Tanya is a member of both the Ocean Beach MainStreet Association merchant group and the OBWC. Given that she is taking a break from skincare, Tanya is refocusing on her Pilates training for all fitness levels.
The woman's club provides a large and airy space with more than 10 feet of distance between exercise equipment. All cleaning and sanitation practices are in effect.
“It’s all by appointment Tuesday through Friday, two people at a time,” said Joy of her Pilates practice. “There is no membership, no commitment. I wear a mask the entire time and the customers, once they get to their machine, can choose if they want to wear a mask.”
Semi-private Pilates classes are 55-minutes long and a discount is offered for OBWC members.
Developed by Joseph Pilates from Germany during the first half of the 20th century, the workout he developed is a system of exercises intended to strengthen the human mind and body, which he believed were interrelated.
Pilates accompanied his method with a variety of equipment, which Pilates called apparatuses, and are designed to help accelerate the process of stretching and strengthening body alignment while increasing core strength.
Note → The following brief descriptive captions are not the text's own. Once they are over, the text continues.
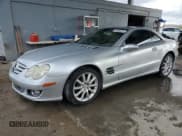 ✅ 2007 Mercedes-Benz SL 550 • VIN: WDBSK71F27F124405 • Lot: 84946224. Listed on Copart with 119,606 mi. Free auction sales archive from the USA and detailed vehicle history report at DreamBid. Image 1.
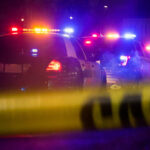 Border Clashes Ignite Fear of War Police cars with flashing lights behind caution tape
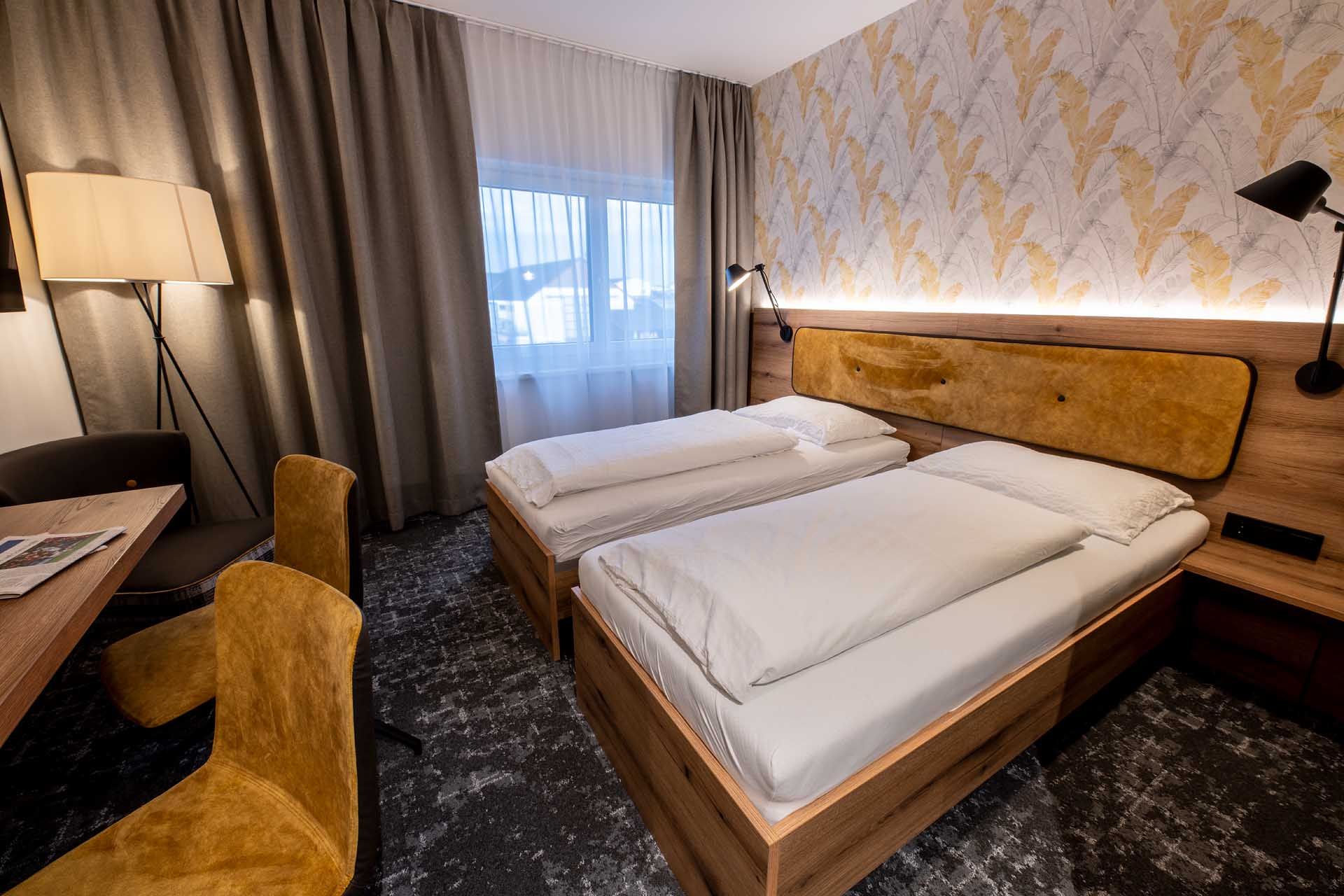 Modernes Gästezimmer mit zwei Einzelbetten, Holzmöbeln, gelben Stühlen und einer Stehlampe. Helle Vorhänge und gemusterte Tapete an der Wand.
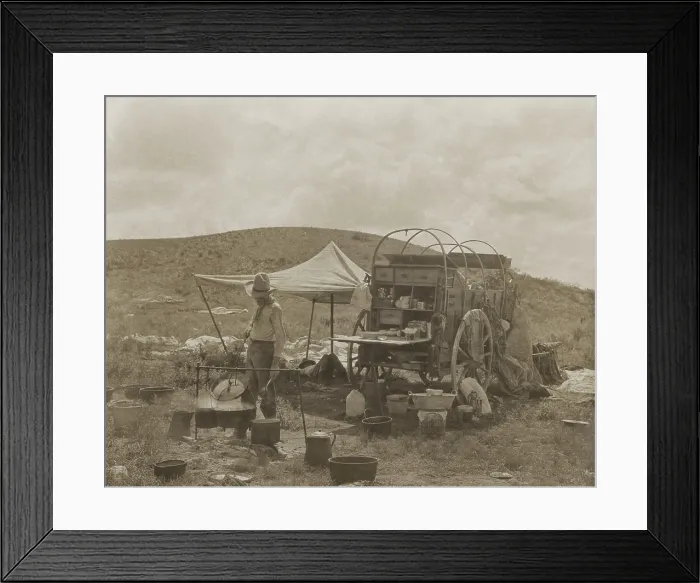 Framed Print : A cowboy cooks at a chuck wagon, getting dinner underway in the American southwest. 1908 photo by Edwin E. Smith (BSLOC_2018_3_62) Framed Print : A cowboy cooks at a chuck wagon, getting dinner underway in the American southwest. 1908 photo by Edwin E. Smith (BSLOC_2018_3_62)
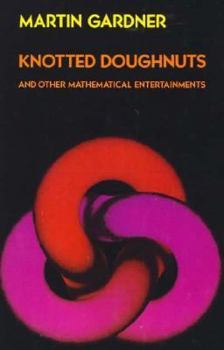 Paperback Knotted Doughnuts and Other Mathematical Entertainments Book
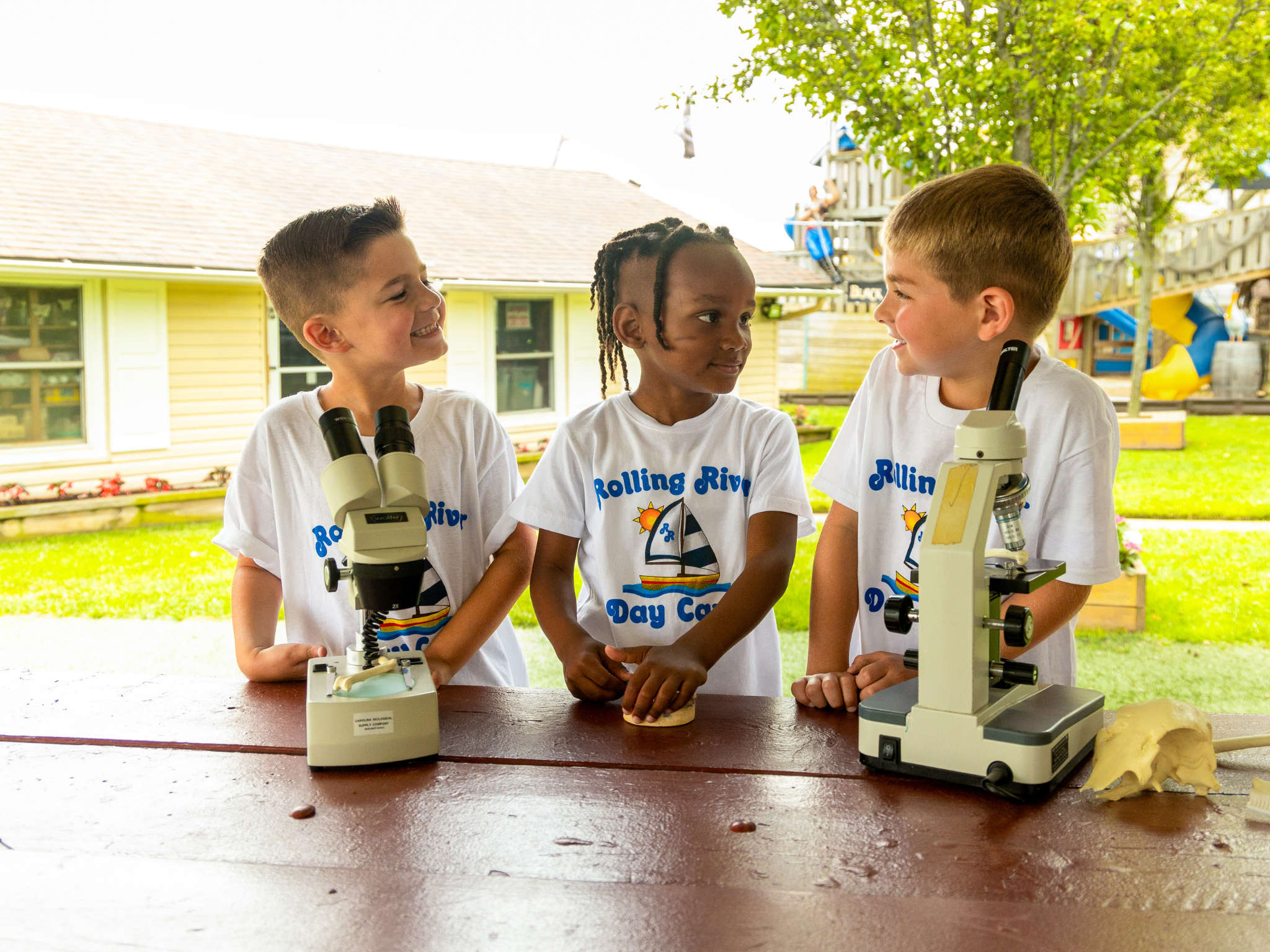 Three campers using microscopes.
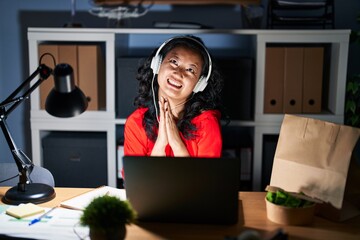 Young asian woman working at the office with laptop at night begging and praying with hands together with hope expression on face very emotional and worried. begging.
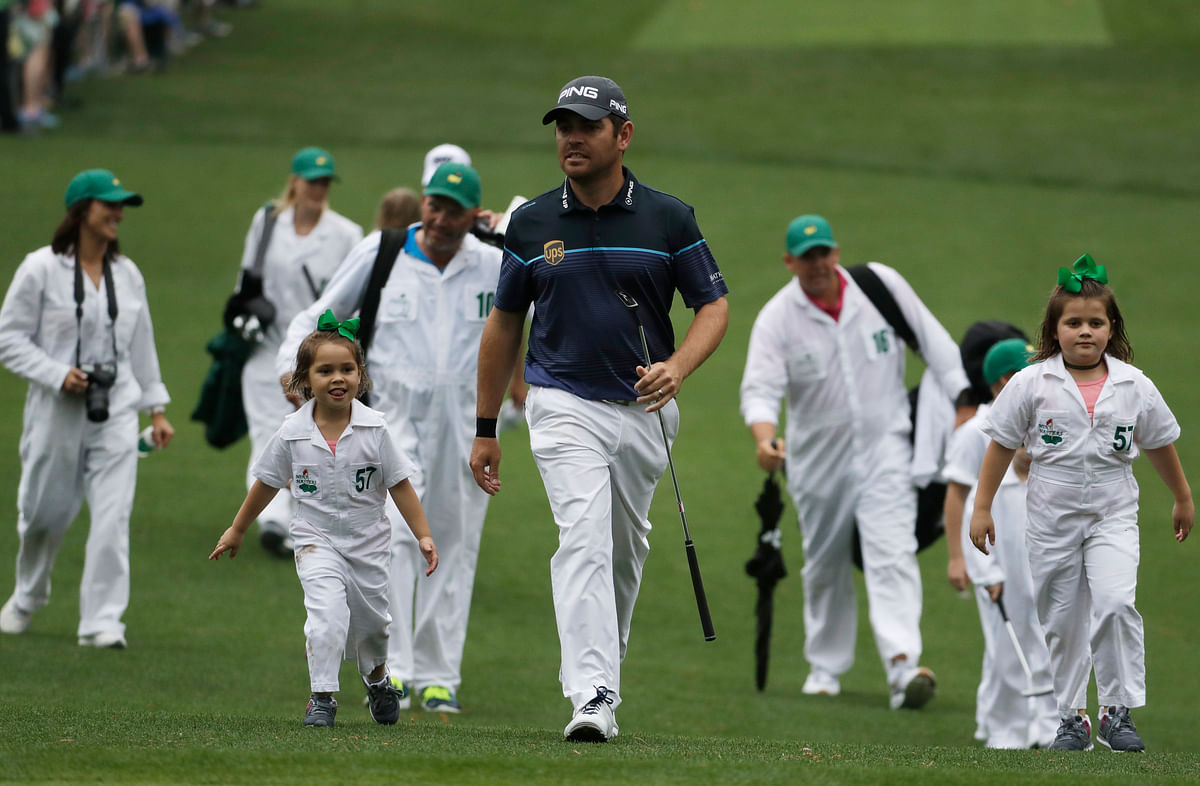 Weather played spoilsport during the Par 3 Contest, but the golfers managed to get on the course with their kids.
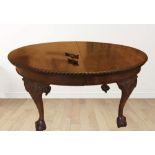 A MAHOGANY OVAL DINING TABLE, extendable, on cabriole leg, claw and ball feet, castor wheels, two le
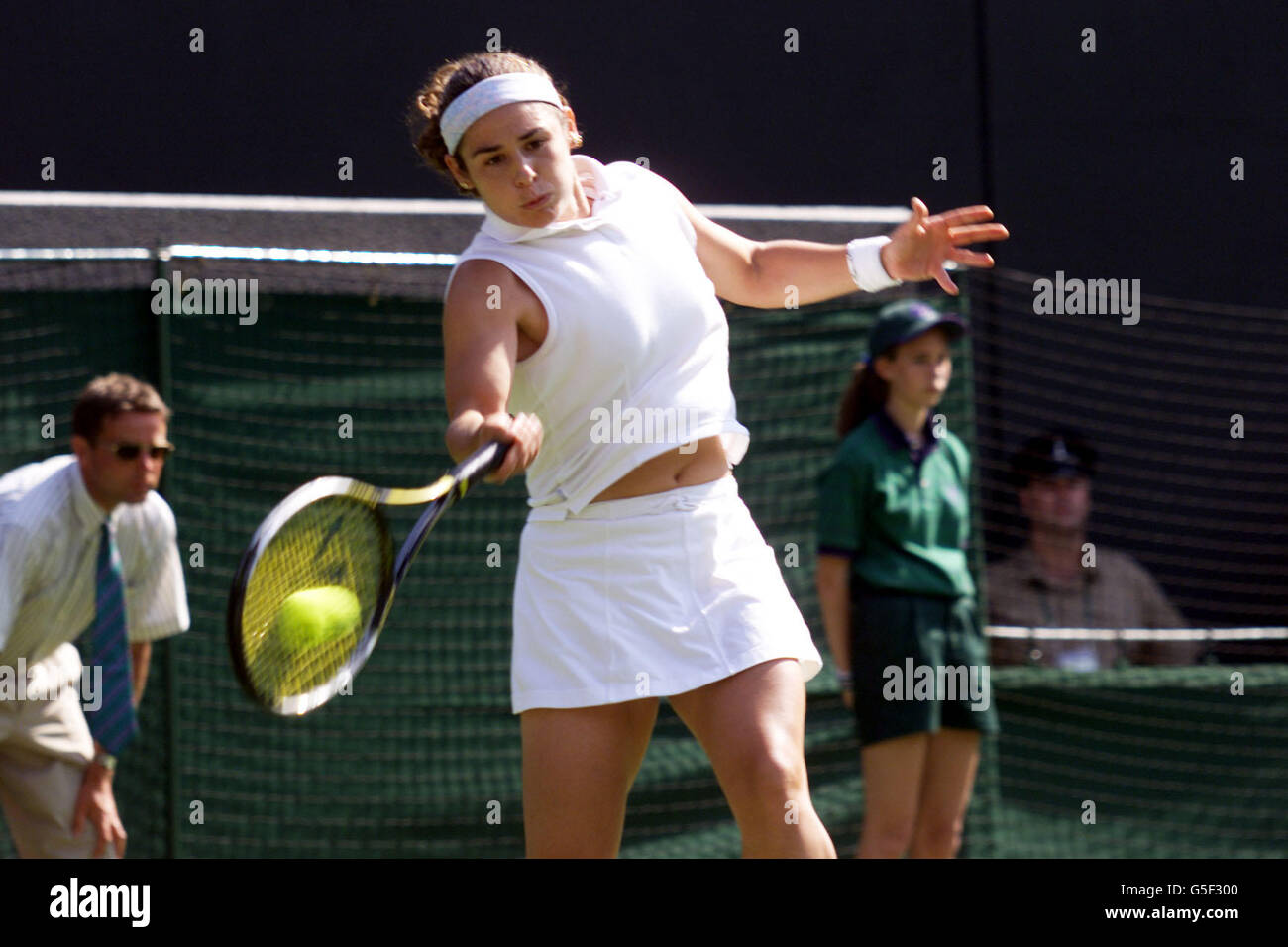 NO COMMERCIAL USE: Spain's Virginia Ruano Pascual returns the shot of Switzerland's Martina Hingis during the First Round match of the Lawn Tennis Championships at Wimbledon, London. Stock Photo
The best-known and most popular apparatus used today is the Reformer.
“People like it because it really helps stretch the body out,” noted Joy, adding the technique is especially helpful to osteoporosis clients “that need to increase their bone density by doing weight training. Pilates is a great alternative because of the spring-loaded equipment with ropes and pulleys that helps with (thin) bone density. It’s great for toning the body, and also excellent for strengthening your core to support your whole body.”
Added Joy, “You can do the exercises lying down, on your side, sitting or standing. It’s fitness for any level and is often used as rehabilitation for people suffering from back pain and sciatic (nerve) issues.”
Joy noted her workout space is “extremely nice,” pointing out there are high ceilings with six ceiling fans, 10 open windows, and two open doors.
“The machines are 10 feet apart from one another so we’re socially distanced,” said Joy.